As block rewards decrease along with mining revenue, miners will make most of their money from fees. As such there are two possible futures for Bitcoin. If mining machines become increasingly efficient and draw more power from renewable energy, the cost of mining may decrease, which means users won’t be charged higher fees to offset mining revenue from block rewards.

If mining costs remain the same, or increase as efficient miners compete against each other, developers will find alternative ways to off-load user transactions to some sort of side chain before batching them up in a single transaction. This way, each side-chain transaction shares the Bitcoin fee for that single transaction.  

That technology already exists in Bitcoin Lightning, and transactions could be done much faster and cheaper. With the emergence of Runes and even separate networks that use Bitcoin’s blockchain to secure their transactions, it’s entirely possible that the majority of users won’t even use Bitcoin directly, but through side chains that eventually rolls transaction data back to the world’s original blockchain.

Read more about Lightning Network in Beginner’s Guide to Layer 2 Chains

What is Bitcoin halving?

Bitcoin halving is a preprogrammed event that takes place approximately every four years. After each halving, the rate of new Bitcoins entering into circulation decreases by half. From April 2024 to 2028, on average only 450 Bitcoin will be issued every day.

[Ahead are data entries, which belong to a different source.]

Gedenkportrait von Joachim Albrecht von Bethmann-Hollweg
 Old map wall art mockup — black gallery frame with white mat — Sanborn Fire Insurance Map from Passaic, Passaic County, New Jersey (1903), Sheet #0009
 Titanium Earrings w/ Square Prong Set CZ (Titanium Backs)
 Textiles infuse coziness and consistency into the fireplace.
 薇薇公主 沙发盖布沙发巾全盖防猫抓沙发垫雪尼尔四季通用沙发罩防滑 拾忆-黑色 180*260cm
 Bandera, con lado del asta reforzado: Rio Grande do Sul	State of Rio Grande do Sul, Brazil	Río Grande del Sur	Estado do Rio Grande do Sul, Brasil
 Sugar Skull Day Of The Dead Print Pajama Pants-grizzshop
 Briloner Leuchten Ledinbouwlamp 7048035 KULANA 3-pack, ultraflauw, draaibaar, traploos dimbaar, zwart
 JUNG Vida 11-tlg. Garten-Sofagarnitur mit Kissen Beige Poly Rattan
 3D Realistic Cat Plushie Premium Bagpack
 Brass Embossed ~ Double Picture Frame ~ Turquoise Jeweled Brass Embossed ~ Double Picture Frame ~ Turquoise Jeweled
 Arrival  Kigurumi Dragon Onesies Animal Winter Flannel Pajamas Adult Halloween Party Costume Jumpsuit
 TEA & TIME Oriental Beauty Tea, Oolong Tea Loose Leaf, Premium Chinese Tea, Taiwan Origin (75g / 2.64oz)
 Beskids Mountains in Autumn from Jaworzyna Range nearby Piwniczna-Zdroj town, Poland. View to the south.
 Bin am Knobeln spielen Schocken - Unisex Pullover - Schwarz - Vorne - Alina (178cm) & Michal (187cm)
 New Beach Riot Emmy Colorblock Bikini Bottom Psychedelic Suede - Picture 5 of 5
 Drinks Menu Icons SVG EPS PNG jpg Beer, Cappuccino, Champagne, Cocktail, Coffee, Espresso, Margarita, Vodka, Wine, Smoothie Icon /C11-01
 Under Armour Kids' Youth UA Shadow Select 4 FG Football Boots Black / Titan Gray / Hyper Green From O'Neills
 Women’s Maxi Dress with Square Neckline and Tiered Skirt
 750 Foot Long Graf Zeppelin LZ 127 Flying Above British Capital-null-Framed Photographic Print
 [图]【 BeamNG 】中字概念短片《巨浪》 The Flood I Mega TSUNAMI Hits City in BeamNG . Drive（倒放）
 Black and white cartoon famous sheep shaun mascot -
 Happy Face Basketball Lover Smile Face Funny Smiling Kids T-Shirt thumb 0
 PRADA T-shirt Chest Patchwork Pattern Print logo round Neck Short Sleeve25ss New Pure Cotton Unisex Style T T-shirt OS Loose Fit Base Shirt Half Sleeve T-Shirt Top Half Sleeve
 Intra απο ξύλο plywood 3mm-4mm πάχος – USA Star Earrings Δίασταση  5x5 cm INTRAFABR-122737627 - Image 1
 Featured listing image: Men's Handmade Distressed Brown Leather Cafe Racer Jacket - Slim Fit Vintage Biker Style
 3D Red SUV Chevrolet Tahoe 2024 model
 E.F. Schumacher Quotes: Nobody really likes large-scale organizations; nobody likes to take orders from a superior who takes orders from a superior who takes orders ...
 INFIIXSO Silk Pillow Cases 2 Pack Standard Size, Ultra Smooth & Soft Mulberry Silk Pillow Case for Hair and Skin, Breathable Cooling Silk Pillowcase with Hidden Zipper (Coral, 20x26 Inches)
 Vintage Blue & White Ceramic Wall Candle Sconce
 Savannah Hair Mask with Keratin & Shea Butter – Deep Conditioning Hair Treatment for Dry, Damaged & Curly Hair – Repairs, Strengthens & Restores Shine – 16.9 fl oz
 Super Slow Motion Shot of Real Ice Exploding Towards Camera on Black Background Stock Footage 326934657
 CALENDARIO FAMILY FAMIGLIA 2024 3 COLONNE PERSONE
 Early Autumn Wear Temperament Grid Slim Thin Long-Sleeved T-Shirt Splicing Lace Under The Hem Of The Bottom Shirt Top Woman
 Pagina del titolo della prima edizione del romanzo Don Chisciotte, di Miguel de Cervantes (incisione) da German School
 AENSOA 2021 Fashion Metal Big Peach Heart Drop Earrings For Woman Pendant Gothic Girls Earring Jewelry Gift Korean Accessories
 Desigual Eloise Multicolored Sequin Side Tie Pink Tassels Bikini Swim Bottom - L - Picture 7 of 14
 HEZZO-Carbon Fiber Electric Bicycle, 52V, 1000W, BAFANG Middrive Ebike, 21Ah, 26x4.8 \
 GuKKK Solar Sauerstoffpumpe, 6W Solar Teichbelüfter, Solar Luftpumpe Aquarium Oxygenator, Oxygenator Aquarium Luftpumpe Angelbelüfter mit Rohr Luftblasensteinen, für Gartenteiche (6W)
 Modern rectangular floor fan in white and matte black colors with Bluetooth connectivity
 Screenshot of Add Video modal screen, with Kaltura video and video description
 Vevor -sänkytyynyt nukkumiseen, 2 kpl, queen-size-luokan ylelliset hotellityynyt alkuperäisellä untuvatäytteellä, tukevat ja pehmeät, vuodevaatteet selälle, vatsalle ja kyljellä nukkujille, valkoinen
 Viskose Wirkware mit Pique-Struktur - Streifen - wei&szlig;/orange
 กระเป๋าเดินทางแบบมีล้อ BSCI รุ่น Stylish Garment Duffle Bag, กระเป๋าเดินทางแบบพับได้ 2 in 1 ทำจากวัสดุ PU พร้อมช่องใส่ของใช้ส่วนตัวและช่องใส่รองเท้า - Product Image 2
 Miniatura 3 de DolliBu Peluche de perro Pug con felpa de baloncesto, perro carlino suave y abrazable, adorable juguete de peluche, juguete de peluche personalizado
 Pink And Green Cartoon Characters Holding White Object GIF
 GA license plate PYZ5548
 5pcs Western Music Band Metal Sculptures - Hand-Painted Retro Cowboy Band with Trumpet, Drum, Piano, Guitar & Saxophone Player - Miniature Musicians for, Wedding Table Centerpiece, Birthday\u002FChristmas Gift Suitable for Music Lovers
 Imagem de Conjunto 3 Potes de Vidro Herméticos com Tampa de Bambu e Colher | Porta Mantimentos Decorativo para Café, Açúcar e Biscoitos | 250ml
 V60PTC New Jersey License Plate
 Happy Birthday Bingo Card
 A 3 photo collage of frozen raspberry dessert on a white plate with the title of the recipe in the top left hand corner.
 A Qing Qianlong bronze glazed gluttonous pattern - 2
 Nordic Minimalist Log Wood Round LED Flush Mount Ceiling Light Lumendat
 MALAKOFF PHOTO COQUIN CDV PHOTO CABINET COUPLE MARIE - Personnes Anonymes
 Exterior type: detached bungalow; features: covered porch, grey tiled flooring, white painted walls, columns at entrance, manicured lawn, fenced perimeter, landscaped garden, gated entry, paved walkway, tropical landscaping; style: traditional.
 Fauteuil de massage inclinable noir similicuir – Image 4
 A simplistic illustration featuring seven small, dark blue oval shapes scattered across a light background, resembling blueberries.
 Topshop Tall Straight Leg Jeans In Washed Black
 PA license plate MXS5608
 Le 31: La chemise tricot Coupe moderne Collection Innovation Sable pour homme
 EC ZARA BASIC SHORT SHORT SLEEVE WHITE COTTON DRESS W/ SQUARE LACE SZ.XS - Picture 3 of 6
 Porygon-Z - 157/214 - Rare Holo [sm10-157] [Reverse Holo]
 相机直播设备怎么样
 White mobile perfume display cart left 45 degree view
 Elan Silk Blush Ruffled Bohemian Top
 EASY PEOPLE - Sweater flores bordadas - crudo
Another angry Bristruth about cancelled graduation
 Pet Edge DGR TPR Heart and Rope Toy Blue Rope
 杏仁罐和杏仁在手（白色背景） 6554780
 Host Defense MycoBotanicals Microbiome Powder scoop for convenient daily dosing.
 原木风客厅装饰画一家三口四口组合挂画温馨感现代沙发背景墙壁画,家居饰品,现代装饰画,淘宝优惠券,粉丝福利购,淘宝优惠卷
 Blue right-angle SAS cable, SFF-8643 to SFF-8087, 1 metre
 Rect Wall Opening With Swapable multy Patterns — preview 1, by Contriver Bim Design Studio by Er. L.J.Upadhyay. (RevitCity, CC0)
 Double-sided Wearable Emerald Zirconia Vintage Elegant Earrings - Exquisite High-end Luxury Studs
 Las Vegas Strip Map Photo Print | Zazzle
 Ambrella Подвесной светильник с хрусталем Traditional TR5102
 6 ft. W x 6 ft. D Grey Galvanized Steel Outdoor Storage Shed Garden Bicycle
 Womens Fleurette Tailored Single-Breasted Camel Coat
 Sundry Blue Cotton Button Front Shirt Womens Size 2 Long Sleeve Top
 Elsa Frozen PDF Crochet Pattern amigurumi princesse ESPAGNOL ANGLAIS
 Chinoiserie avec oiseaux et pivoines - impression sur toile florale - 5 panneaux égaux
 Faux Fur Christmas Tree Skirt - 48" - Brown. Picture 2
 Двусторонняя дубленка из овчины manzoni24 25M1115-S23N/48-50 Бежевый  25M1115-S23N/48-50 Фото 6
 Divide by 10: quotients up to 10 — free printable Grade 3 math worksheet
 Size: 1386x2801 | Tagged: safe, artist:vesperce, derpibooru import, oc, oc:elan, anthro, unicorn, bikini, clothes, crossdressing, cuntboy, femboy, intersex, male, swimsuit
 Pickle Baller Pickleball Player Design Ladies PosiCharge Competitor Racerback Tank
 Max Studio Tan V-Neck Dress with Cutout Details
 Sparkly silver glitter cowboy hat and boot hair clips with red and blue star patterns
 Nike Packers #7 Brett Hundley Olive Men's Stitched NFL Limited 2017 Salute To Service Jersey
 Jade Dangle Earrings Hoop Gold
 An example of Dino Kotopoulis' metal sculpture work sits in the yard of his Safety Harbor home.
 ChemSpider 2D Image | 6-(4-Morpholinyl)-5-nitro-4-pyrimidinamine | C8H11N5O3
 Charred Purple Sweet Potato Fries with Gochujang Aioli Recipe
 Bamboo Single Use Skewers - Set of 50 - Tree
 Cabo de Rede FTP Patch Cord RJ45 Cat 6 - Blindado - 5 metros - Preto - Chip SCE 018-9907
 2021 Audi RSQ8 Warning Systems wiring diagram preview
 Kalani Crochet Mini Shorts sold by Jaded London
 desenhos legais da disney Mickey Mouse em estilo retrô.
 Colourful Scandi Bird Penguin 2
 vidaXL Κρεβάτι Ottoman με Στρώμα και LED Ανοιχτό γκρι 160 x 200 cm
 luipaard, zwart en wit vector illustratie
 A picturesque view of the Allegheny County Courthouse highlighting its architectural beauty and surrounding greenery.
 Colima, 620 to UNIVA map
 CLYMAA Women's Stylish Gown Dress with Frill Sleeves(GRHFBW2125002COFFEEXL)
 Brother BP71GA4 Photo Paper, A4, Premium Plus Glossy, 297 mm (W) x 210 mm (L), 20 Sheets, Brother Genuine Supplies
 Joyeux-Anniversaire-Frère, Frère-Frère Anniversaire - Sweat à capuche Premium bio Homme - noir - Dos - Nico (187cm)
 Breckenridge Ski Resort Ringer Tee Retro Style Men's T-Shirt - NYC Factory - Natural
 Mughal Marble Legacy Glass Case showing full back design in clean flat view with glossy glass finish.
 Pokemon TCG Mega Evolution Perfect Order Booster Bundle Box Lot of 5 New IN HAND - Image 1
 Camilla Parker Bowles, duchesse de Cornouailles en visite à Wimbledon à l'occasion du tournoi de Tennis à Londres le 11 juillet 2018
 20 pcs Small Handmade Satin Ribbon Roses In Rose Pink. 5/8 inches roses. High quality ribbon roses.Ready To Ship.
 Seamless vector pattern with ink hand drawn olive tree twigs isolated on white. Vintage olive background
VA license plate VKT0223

How much Bitcoin will be issued in total is also preprogrammed — about 19.7 million Bitcoins have been issued (mined) out of a total of 21 million that could ever be mined. Given this behaviour, it’s unlikely for Bitcoin’s supply to be fully diluted for the next century.

Meanwhile, what many Bitcoin investors hope for is that with fewer new Bitcoins around to satisfy demand growth, and assuming that demand stays the same if not increasing, Bitcoin’s price will exceed today’s value — as it had done so for the last decade.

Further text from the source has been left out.